Here’s how it works: For Alice to send Bob a hidden note, she must first infect his computer with StegSuggest malware so that she can monitor the traffic exchanged between Google’s servers and Bob’s browser. This can be done using basic hacker tools. Then, when Bob types in a random search term, say, “Robots will…,” Alice intercepts the data traveling from Google to Bob. Using StegSuggest, she adds a unique word to the end of each of the 10 phrases Google suggests. The software chooses these additions from a list of 4096 common English words, so the new phrases aren’t likely to be too bizarre. For example, if Google suggests the phrase “Robots will take our jobs,” Alice might add “Robots will take our jobs tree.” Odd, yes, but probably not worthy of alarm.
Bob’s StegSuggest program then extracts each added word and converts it into a 10-bit sequence using a previously shared lookup table. (Each of the 1024 possible bit sequences corresponds to four different words, making the code more difficult to crack.) Alice can thus transmit 100 secret bits each time Bob types a new term into his Google search box.
To send data faster, Alice could hijack the searches of several innocent googlers in a crowded hot spot, such as an Internet café or a college dormitory. In this scenario, both she and Bob would intercept the googlers’ traffic. Alice would insert the coded words into Google’s suggested phrases, and Bob would extract and decode them. He would pass on only the original phrases to the googlers—who would never suspect they had just facilitated a secret exchange.
Now let’s say Alice wants to secretly send video in addition to documents or text messages. In this case, she might opt to smuggle the stream in a very average-looking wireless transmission.
But not just any wireless network will do. Alice must use a network that relies on the data-encoding technique known as orthogonal frequency-division multiplexing (OFDM). Wireless standards that employ this scheme are some of the most popular, including certain versions of IEEE 802.11, used in Wi-Fi networks.
To understand how to hide data in OFDM signals, you must first know something about how OFDM works. This transmission scheme divvies up a digital payload among several small-bandwidth carriers of different frequencies. These narrowband carriers are more resilient to atmospheric degradation than a single wideband wave, allowing data to pass to receivers with higher fidelity. OFDM carefully selects carriers and divides the bits up into groups of set length, known as symbols, to minimize interference.

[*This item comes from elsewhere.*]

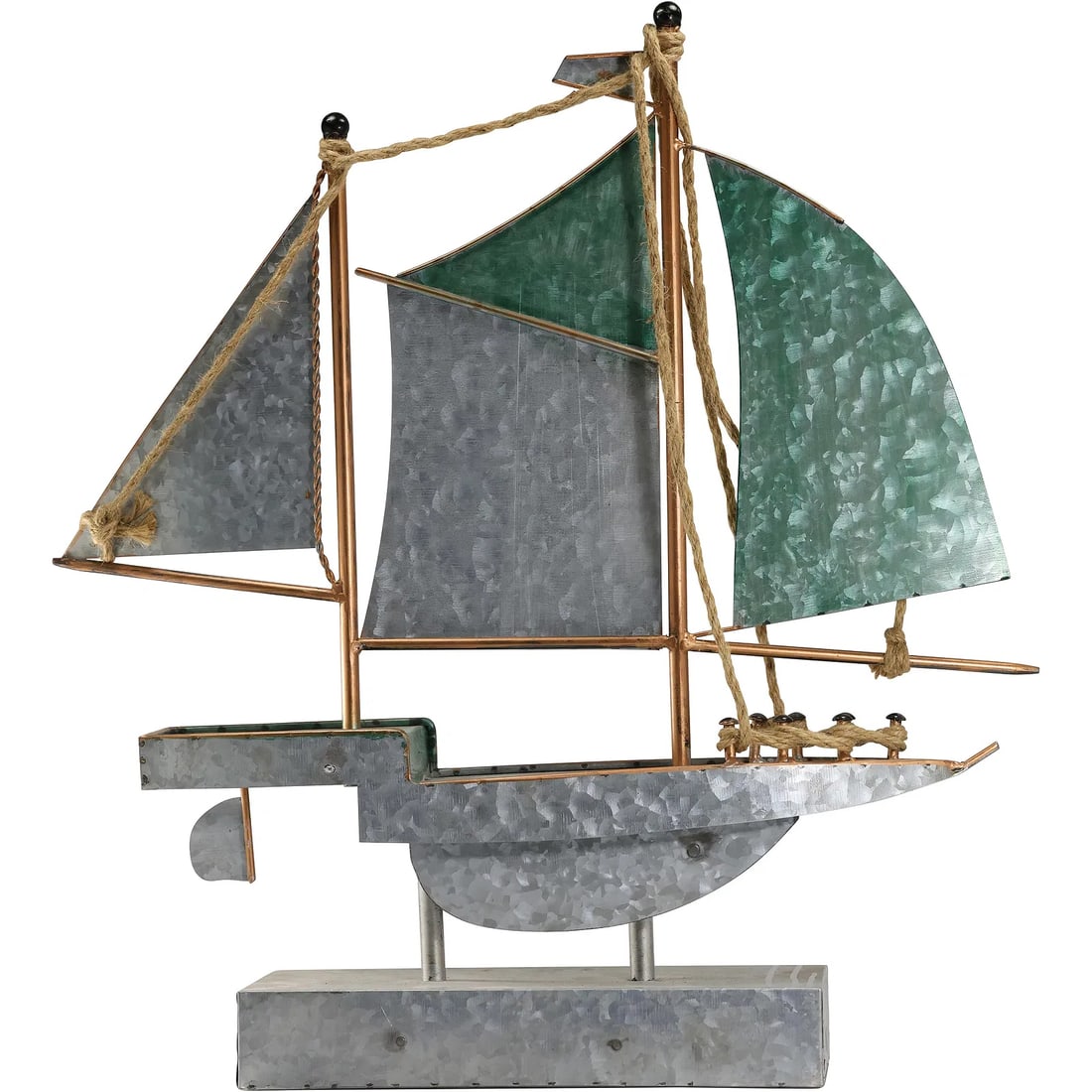 Folky Galvanized Sailboat Model 22.5 in. height x 20.75 in. length (1 of 20)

In reality, though, a digital payload rarely divides perfectly into a collection of symbols; there will usually be some symbols left with too few bits. So OFDM transmitters add extra throwaway bits to these symbols until they conform to the standard size.
Because this “bit padding” is meaningless, Alice can replace it with secret data without compromising the original data transmission. We call this steganographic method Wireless Padding, or WiPad. Because bit padding is abundant in OFDM transmissions, Alice can send hidden data to Bob at a pretty good clip. A single connection on a typical Wi-Fi network in a school or coffee shop, for instance, could support up to 2 megabits per second—fast enough for Alice to secretly stream standard-definition video to Bob.
This article originally appeared online 23 September 2013. A version appeared in print in the November 2013 issue.
Wojciech Mazurczyk, Krzysztof Szczypiorski, and Józef Lubacz wrote “Vice Over IP” in the February 2010 issue of IEEE Spectrum. In 2002, as members of the Network Security Group at Warsaw University of Technology, in Poland, they founded the Stegano.net project to investigate new ways to smuggle data through networks and how to thwart such attempts. After many years spent anticipating evildoers and their machinations, Szczypiorski says his favorite saying comes from Indiana Jones: “Nothing shocks me. I’m a scientist.”